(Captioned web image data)

----------

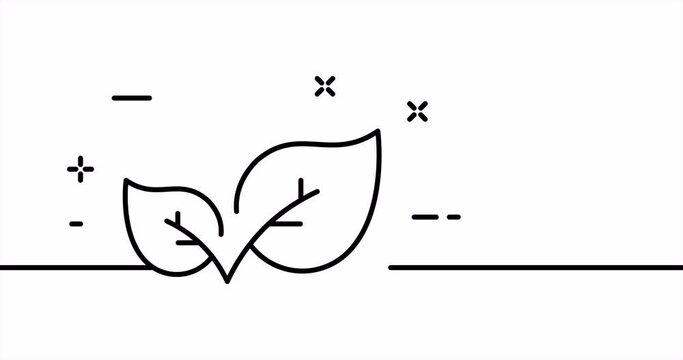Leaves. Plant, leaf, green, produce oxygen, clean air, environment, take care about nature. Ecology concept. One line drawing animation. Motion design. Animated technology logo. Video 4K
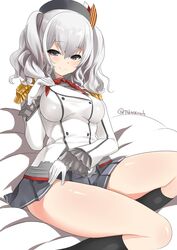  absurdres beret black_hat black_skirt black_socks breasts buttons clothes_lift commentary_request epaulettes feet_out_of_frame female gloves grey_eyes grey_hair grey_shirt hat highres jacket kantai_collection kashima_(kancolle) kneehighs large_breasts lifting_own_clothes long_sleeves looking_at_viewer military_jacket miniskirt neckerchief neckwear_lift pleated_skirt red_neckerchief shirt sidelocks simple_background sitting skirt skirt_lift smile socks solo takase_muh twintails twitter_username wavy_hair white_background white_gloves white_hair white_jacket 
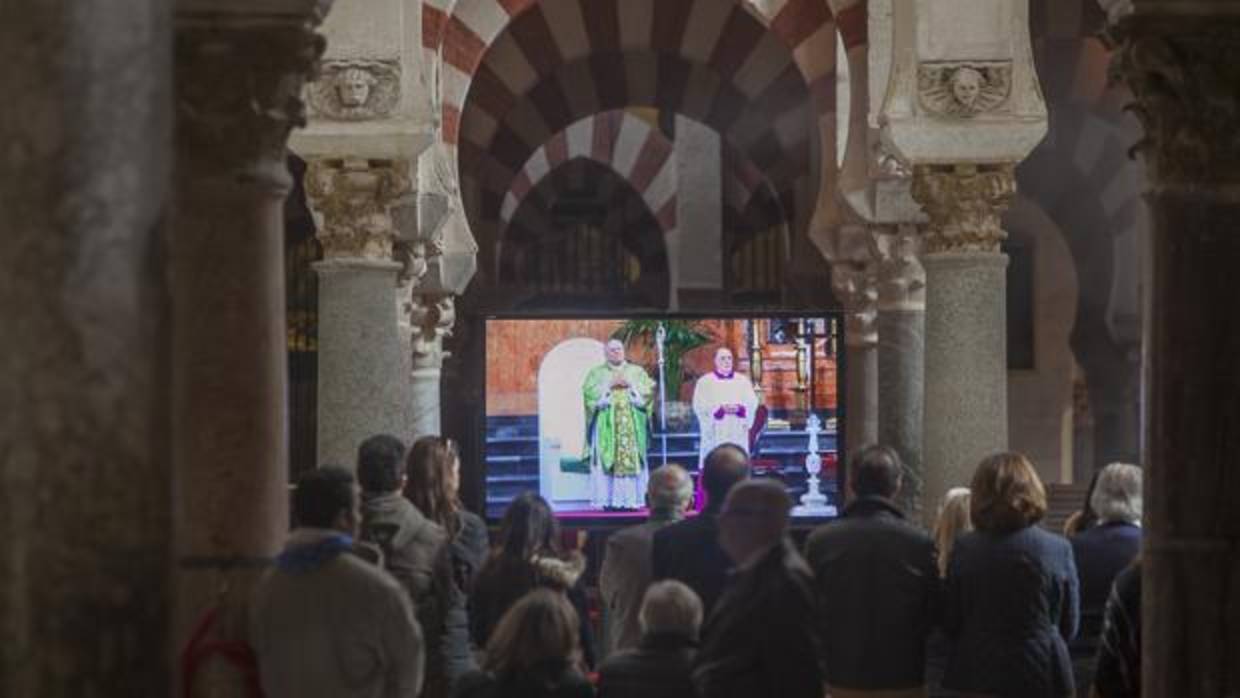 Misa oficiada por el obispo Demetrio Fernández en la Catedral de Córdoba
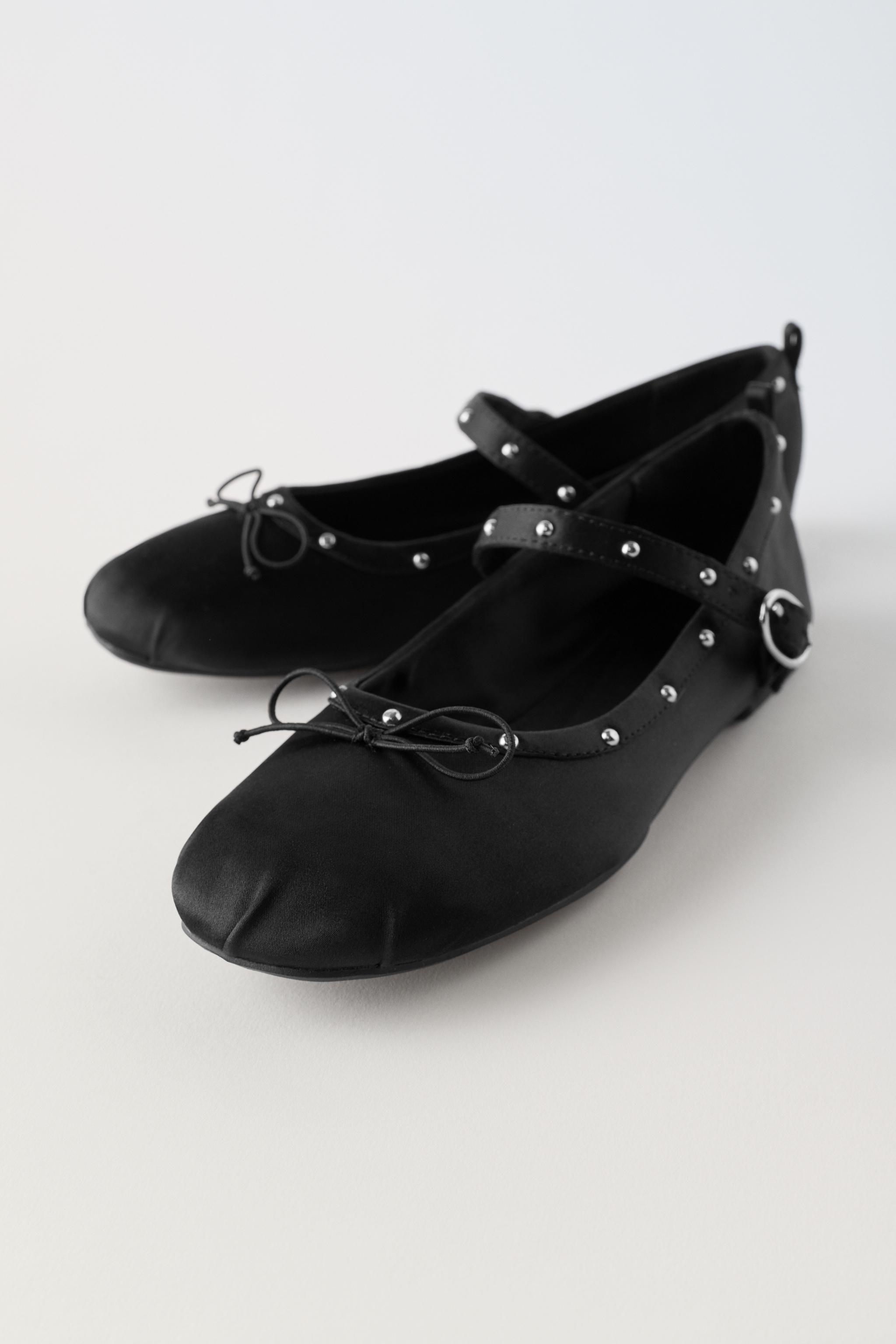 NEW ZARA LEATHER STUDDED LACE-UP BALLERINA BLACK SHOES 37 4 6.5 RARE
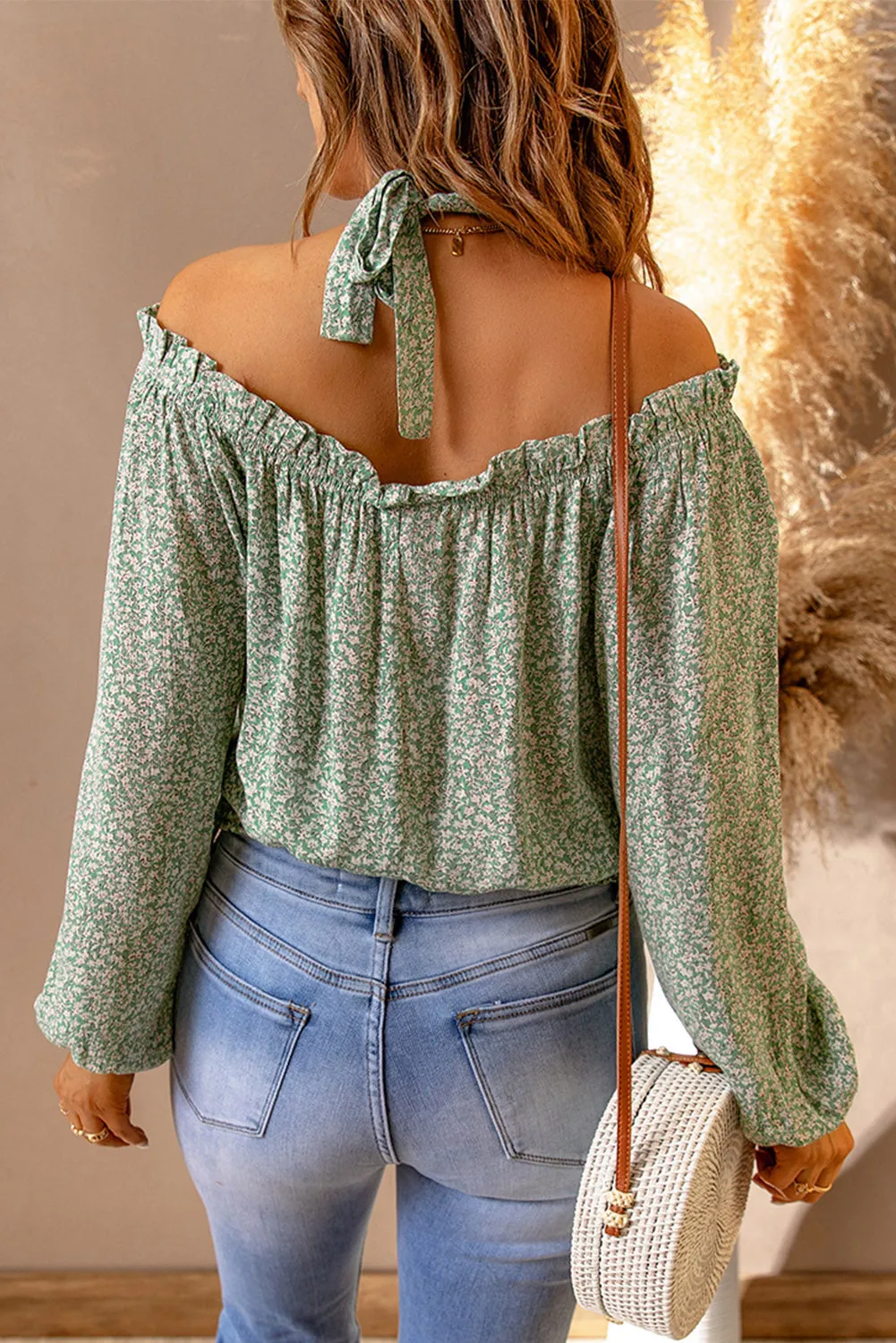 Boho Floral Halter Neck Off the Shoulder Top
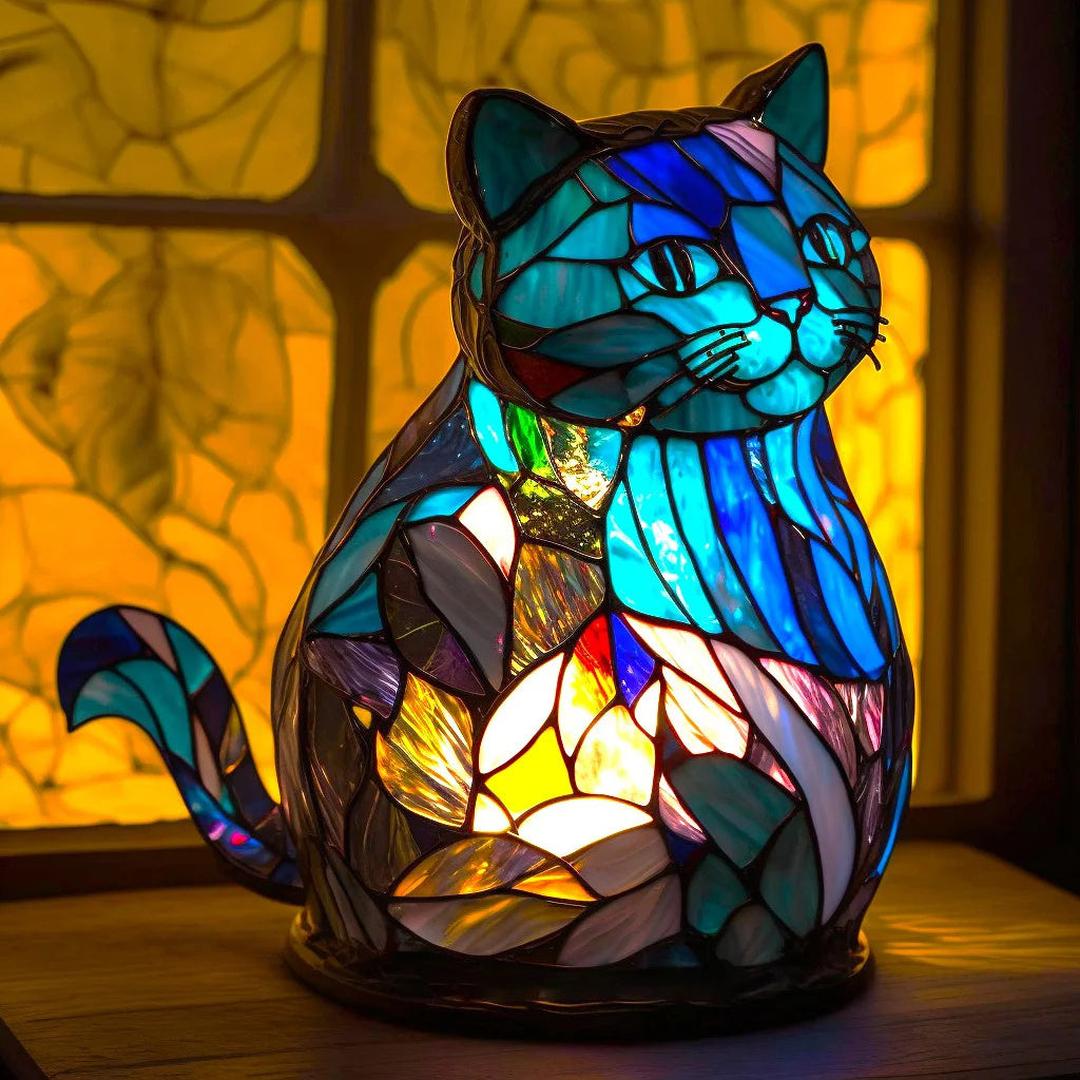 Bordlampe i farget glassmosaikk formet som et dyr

----------

In the data, the line that contains "Boho Floral Halter Neck Off the Shoulder Top" begins the part to write out; restate it and each line after it word for word through the end, with no pictures.

• Worked solution
 Boho Floral Halter Neck Off the Shoulder Top
 Bordlampe i farget glassmosaikk formet som et dyr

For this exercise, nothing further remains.